Venous vascular malformations (VVMs) are either segmental irregular dilatations of the venous out-flow system or a tangled mass of abnormal venous channels with or without dysmorphic out-flow channels. Distensible VVM like orbital varices has large systemic venous connections and respond to changes in venous pressure., Patients complain of proptosis and pain that increase with activities such as straining, bending forward, or Valsalva maneuver. Nondistensible VVM includes little or small functioning systemic venous connections and are characterized more by stagnant blood flow, which leads to thrombosis or hemorrhage. Vascular anomalies of the conjunctiva are rare and account for 4% of the nonmelanocytic tumors. Histopathologically, they are composed of poorly defined blood-filled channels of variable diameter with mature, flattened endothelial cells and attenuated muscle in which thrombi, calcifications, and fibrovascular invasion can be seen. The absence of an internal elastic membrane along with scant, disorganized smooth muscle identifies the venous origin. It must be differentiated from a venous angioma which is an acquired lesion consisting of the proliferation of venous channels with prominent muscular walls.
The indications for treatment are usually related to pain, cosmesis, or progressive expansion. The enlargement is probably due to extravasation of blood or spontaneous thrombosis followed by an organization with focal intravascular endothelial hyperplasia or proliferation. The vascularity of these lesions to be reduced prior to surgical excision. It includes retrograde venous catheterization and embolization with platinum microcoils and intraoperative venography and controlled glue embolization followed by excision of the glued mass., The embolization can be done with a mixture of n-butyl-2-cyanoacrylate, lipoidal, and tantalum powder producing a radio-opaque cast of the malformation, which can then be excised in a relatively blood-free manner. Bleomycin sclerotherapy has been reported to be a safe and effective treatment for eyelid and orbital venous malformations. Surgical excision is indicated in extreme orbital pressure with a functional deficit and cosmetic disfigurement.
| Conclusion|| |
Venous malformation of the conjunctiva and orbit is extremely rare. It should be considered in the differential diagnosis of vascular lesions of the conjunctiva.

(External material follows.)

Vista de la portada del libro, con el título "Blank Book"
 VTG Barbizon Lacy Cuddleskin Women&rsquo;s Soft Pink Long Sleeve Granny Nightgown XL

Declaration of patient consent
The authors certify that they have obtained all appropriate patient consent forms. In the form the patient(s) has/have given his/her/their consent for his/her/their images and other clinical information to be reported in the journal. The patients understand that their names and initials will not be published and due efforts will be made to conceal their identity, but anonymity cannot be guaranteed.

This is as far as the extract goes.